---------- Source data ----------
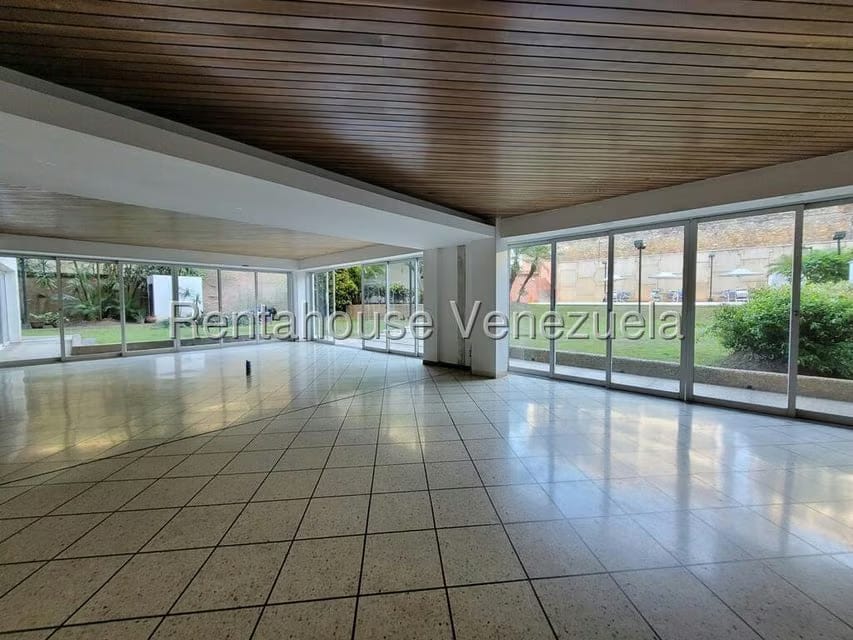 Apartamento (Duplex) en Venta en Los Samanes, Distrito Metropolitano - 31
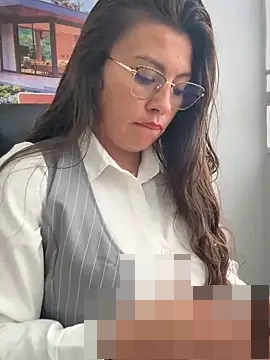 LIZ-06_'s Webcam Show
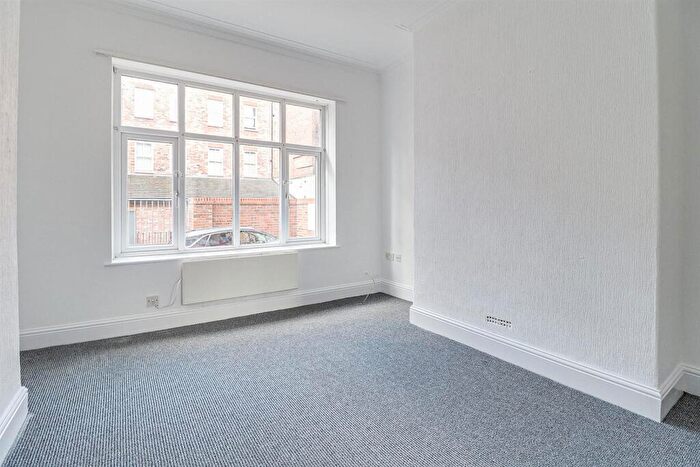 1 Bedroom Flat To Rent In Royal Terrace, Southport, PR8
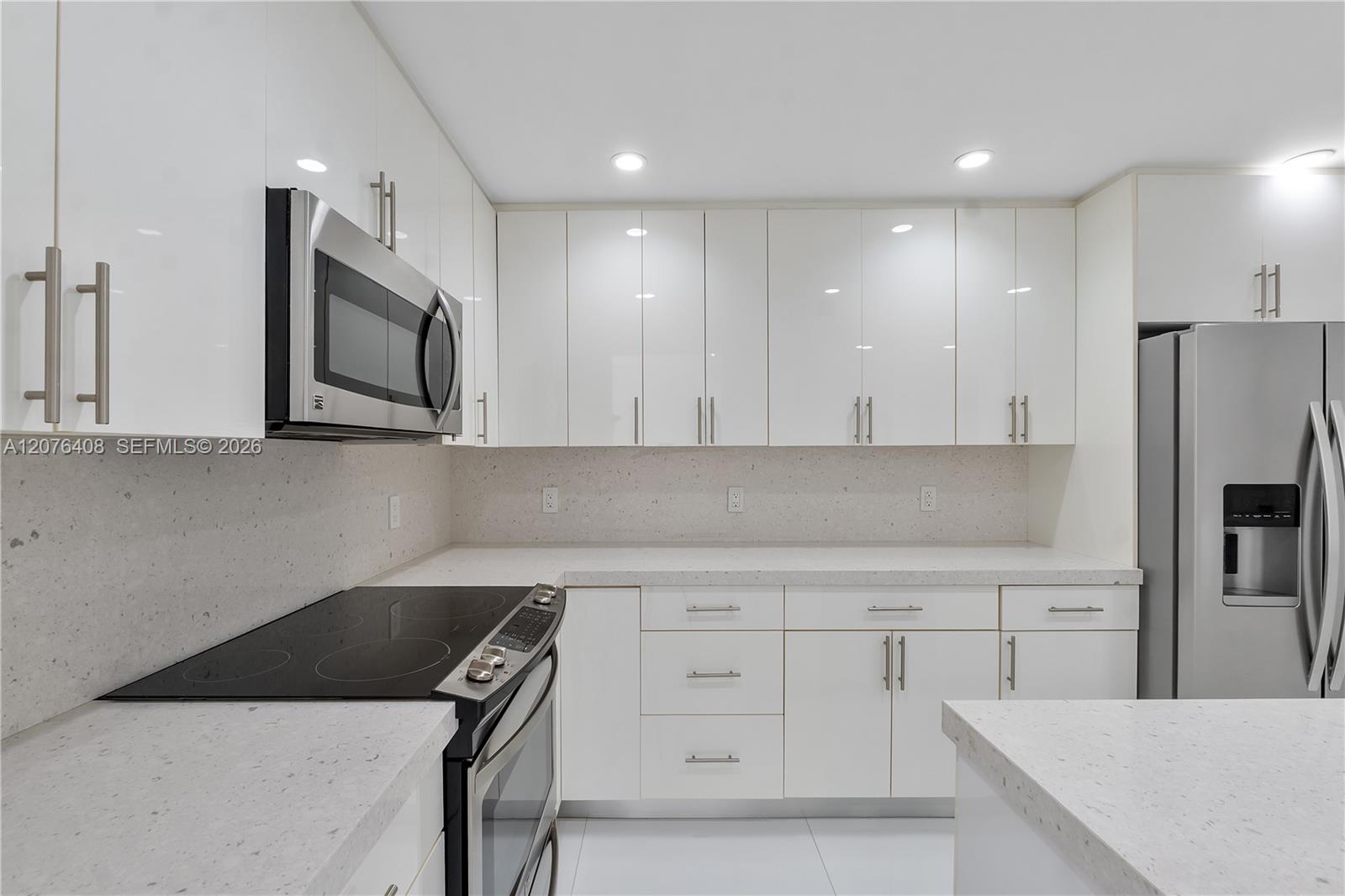 90 Edgewater Dr # 104 — Photo 3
----------
→ Action item:
An exact copy is needed of the lines running from the one with "1 Bedroom Flat" through the end of the data above, and of those lines only, without pictures.

→ Completed task:
 1 Bedroom Flat To Rent In Royal Terrace, Southport, PR8
 90 Edgewater Dr # 104 — Photo 3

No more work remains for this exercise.